В 1822-м он получает Старо-Оскольский полк, но после 14 декабря попадает под следствие: некий майор пишет на него донос, Дубельта вызывают в столицу; однако рокового второго обвиняющего показания не появилось, и дело обошлось… Впрочем, фамилию Дубельт занесли в известный Алфавит , список лиц, так или иначе замешанных в движении декабристов. Непосредственный начальник Дубельта, командир дивизии генерал Желтухин, судя по сохранившейся его переписке, был тип ухудшенного Скалозуба и полагал, что
„надобно бы казнить всех этих варваров-бунтовщиков, которые готовились истребить царскую фамилию, отечество и нас всех, верных подданных своему государю; но боюсь, что одни по родству, другие по просьбам, третьи из сожаления и, наконец, четвертые, как будто невредные, будут прощены, а сим-то и дадут злу усилиться и уже они тогда не оставят своего предприятия и приведут в действие поосновательнее, и тогда Россия погибнет“.
Понятно, как такой генерал смотрел на реабилитированного полковника, и в 1829 году последний вынужден был подать в отставку.

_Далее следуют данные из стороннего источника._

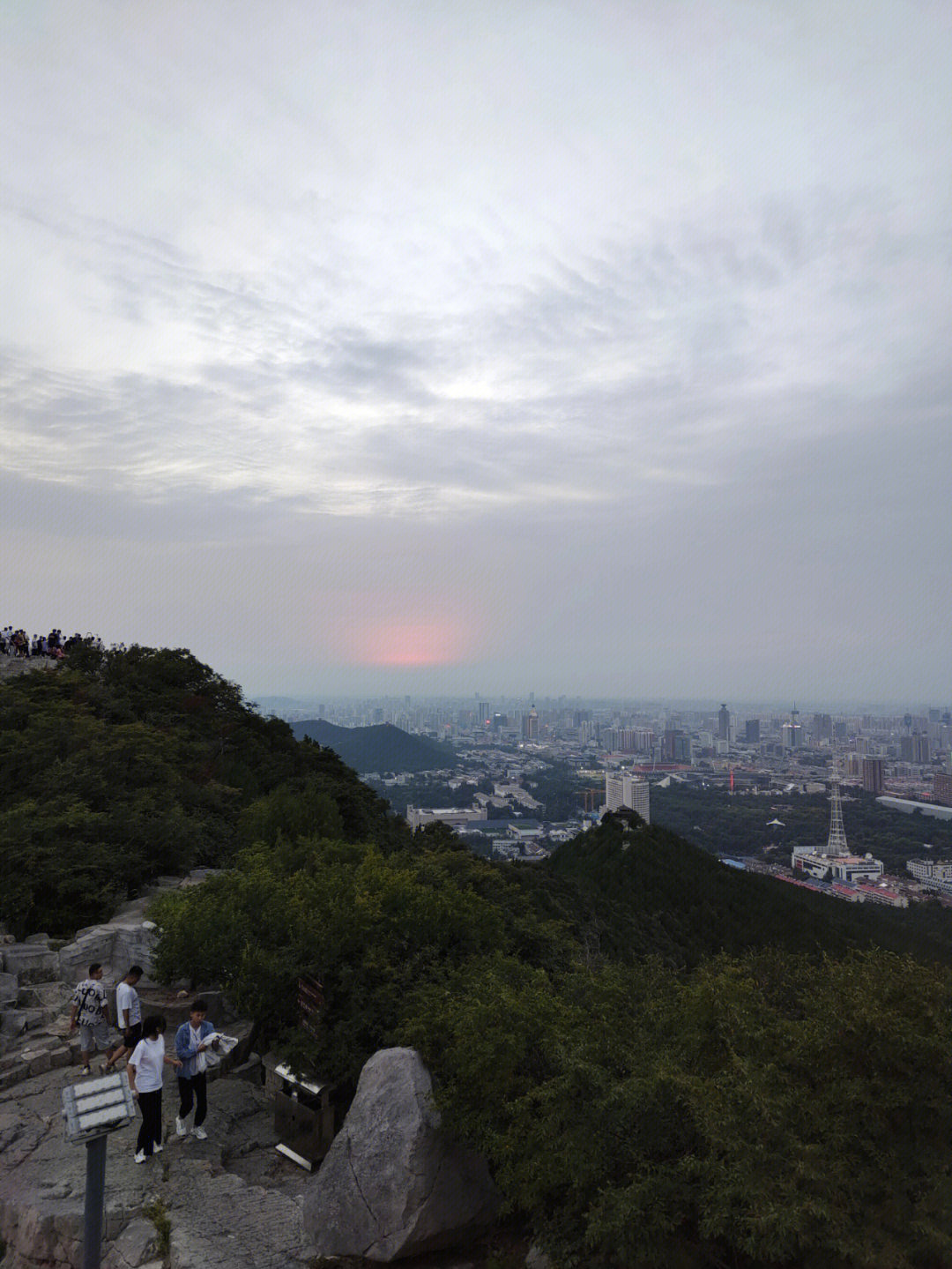 千佛山山顶图片图片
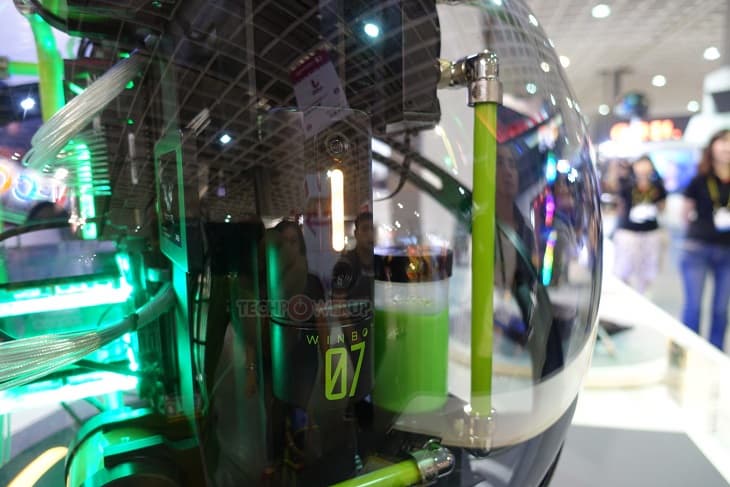 Корпус In Win WinBot рассчитан на полноразмерные комплектующие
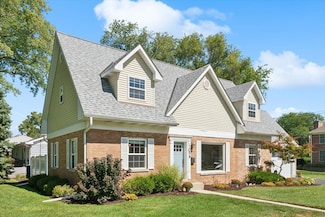 105 E Prairie Ave, Wheaton, IL 60187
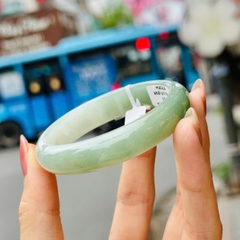 Vòng Ngọc Phỉ Thúy Nếp Băng Nền Lục Táo Type A – Sắc Xanh Thời Thượng & Quý Phái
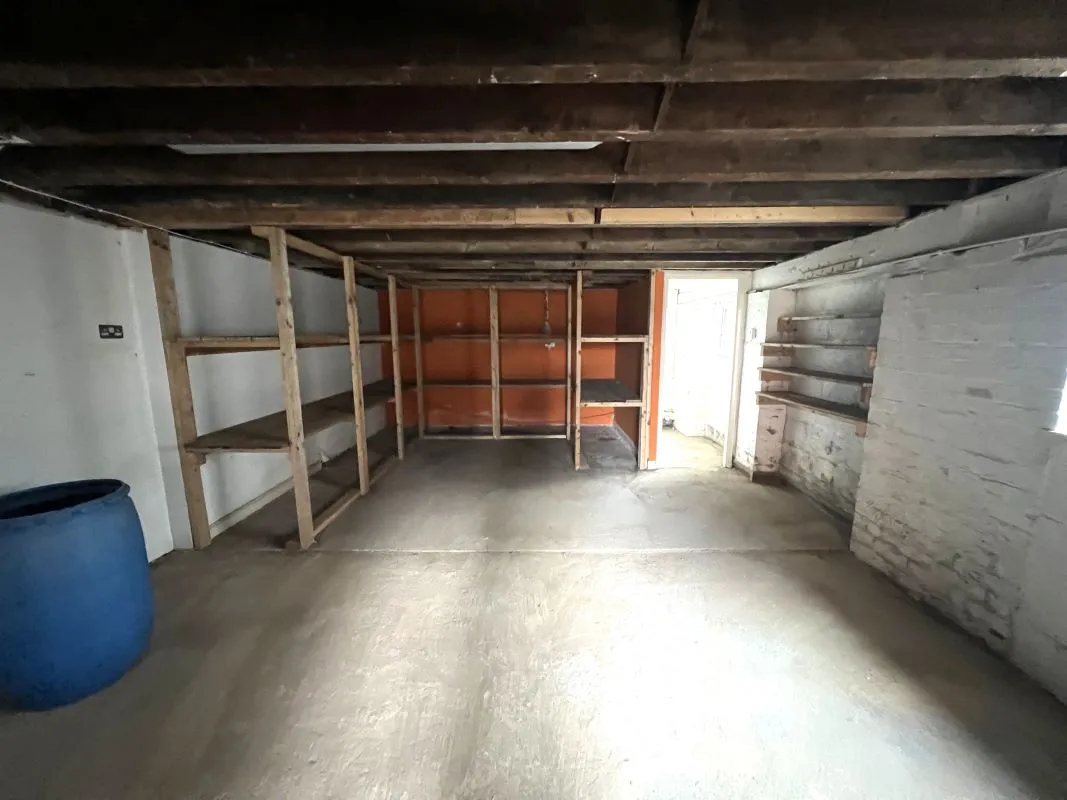 Online Property Auction in London: Canon Street, Kettering, Northamptonshire, NN16 8RD | Auction ends 17/09/2025, a Guide Price of £30,000+.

Отметим дату: четвертый год правления Николая I, идет война с турками в защиту греков, работает „Тайный комитет“ (образованный 6/XII 1826 года), о котором, впрочем, все знают (по формуле знаменитой французской писательницы госпожи де Сталь — „в России все тайна и ничего не секрет“ ). Комитет разрабатывает реформы, и даже многие непробиваемые скептики склонны преувеличивать размеры и скорость грядущих преобразований.
Именно в это время Пушкин еще пишет о своей „надежде славы и добра“.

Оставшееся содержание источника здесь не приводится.